Sign-up deadline is June 1 for two crop payment programs

WILLMAR -- Local Farm Service Agency offices continue to accept requests to participate in either the Direct and Counter-cyclical Program or the Average Crop Revenue Election program. Application requests will continue to be accepted through the ...

WILLMAR -- Local Farm Service Agency offices continue to accept requests to participate in either the Direct and Counter-cyclical Program or the Average Crop Revenue Election program. Application requests will continue to be accepted through the sign-up deadline of June 1.

Under the Direct and Counter-cyclical Program, participants can qualify for two types of payments, both of which are computed using a farm's base acres and payment yields.
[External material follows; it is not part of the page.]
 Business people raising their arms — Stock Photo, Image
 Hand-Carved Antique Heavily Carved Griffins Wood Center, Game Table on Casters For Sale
The first type of payment is called a direct payment. The direct payment rates are specified in the 2008 farm bill and are earned without regard to market prices. For that reason, the direct payment is sometimes referred to as the "guaranteed" payment.

The per bushel direct payment rates are as follows: barley - $0.24; corn - $0.28; oats - $0.024; soybeans - $0.44; and wheat - $0.52.
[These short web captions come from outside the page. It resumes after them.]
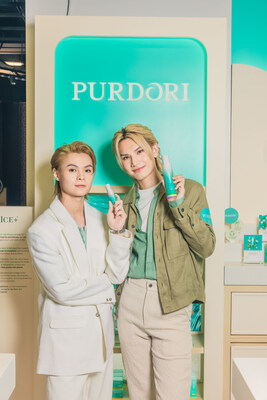 (Left to Right) Tiger and Jeremy from Cantopop boy band Mirror celebrate the opening of the Purdori enclave at Facesss Times Square Hong Kong.
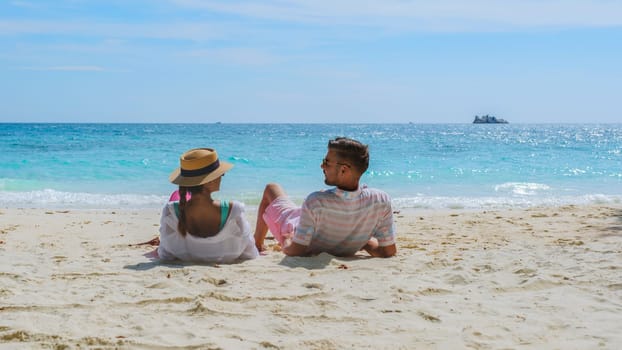 A couple of men and woman sitting on the beach looking out over the ocean of Koh Samet Island Rayong Thailand, the white tropical beach of Samed Island with a turqouse colored ocean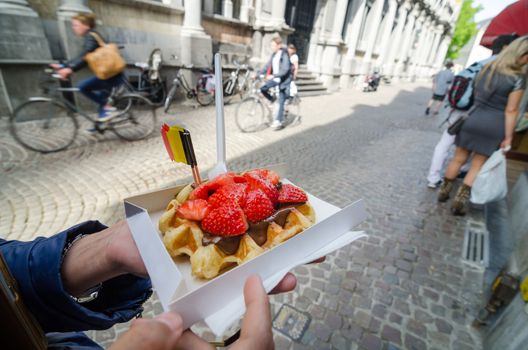 Belgium waffle with chocolate sauce and strawberries, Bruges city background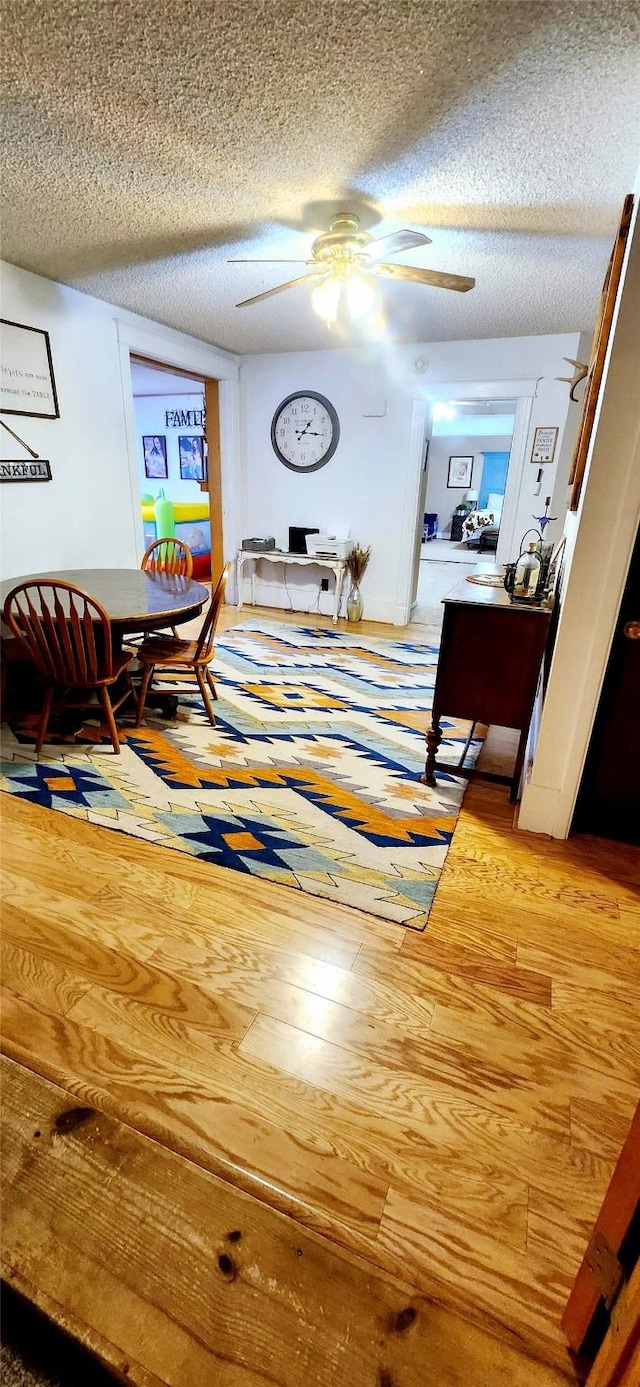 hallway with hardwood / wood-style floors and a textured ceiling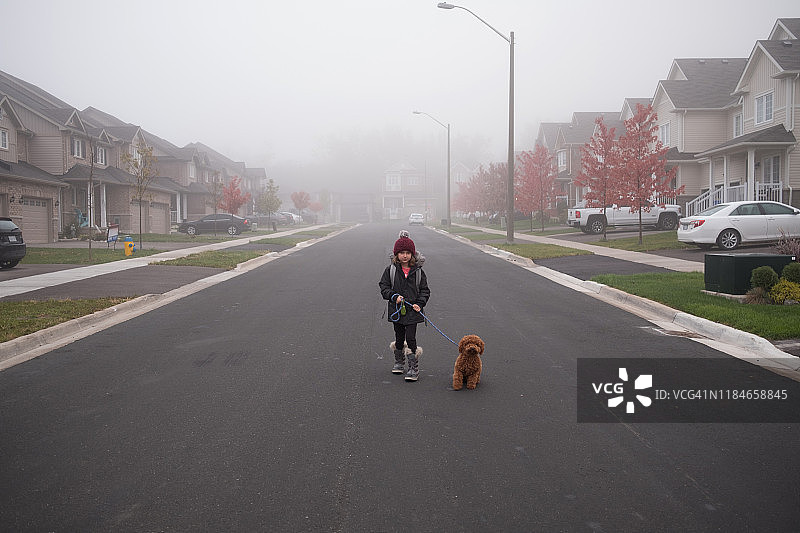 女孩在雾蒙蒙的郊区道路中间遛狗，全身像图片素材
The second type of payment is a counter-cyclical payment. Unlike the direct payments, counter-cyclical payments are not guaranteed since the payment rates will vary depending on market prices. Therefore, counter-cyclical payments can be sizable during years when prices are low, with little or no payment when prices are high.


Program provisions also allow participants to request and receive a portion of their direct payment in advance. During sign-up, eligible producers may request an advance payment equal to 22 percent of the total direct payment for each commodity associated with the farm. Local Farm Service Agency offices will issue the advance direct payment as soon as practical after enrollment.
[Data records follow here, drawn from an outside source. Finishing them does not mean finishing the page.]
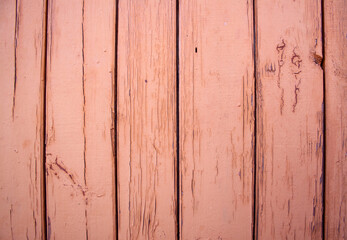 Wooden plank wall. The paint is cracked and peeling.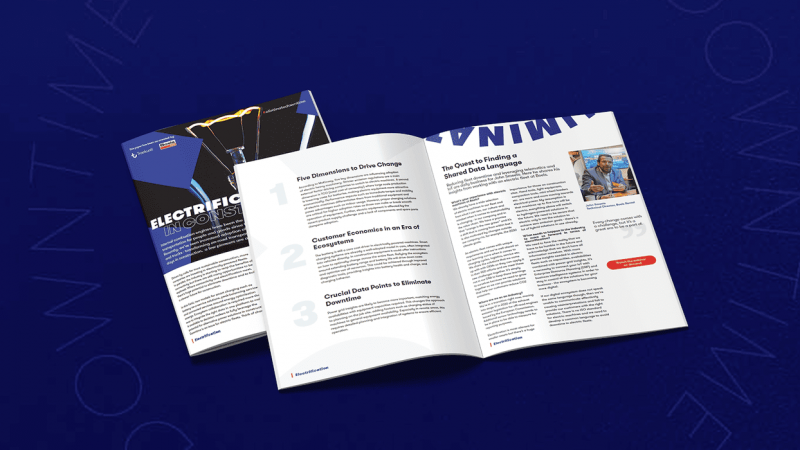 A booklet titled ELECTRIFICATION UNLOCKS OPPORTUNITY lies partially open on a blue surface, featuring content on fleet management.
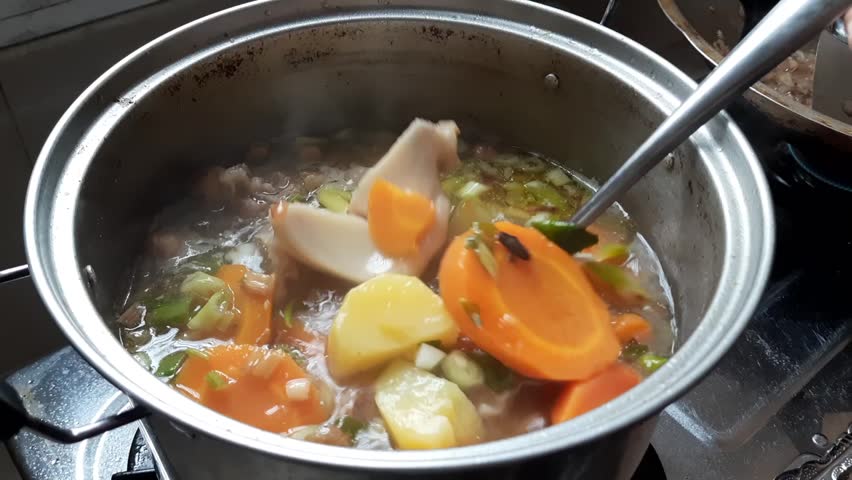 A pot of homemade meat soup with fresh vegetables, including carrots and green onions. A hearty and flavorful dish, perfect for comfort food and culinary themes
Funding available to assist organic producers

The 2011 fiscal year marks the third year of the U.S. Department of Agriculture's organic initiative. This year, up to $50 million is available to help producers plan and implement conservation practices that address natural resource concerns in ways that are consistent with organic production.

Examples of eligible conservation practices might include planting cover crops, establishing integrated pest management plans, constructing seasonal high tunnels, or implementing nutrient management systems consistent with organic certification standards.

Eligible producers include those certified through USDA's National Organic Program; those transitioning to certified organic production; and those who meet organic standards but are exempt from certification because their gross annual sales are less than $5,000.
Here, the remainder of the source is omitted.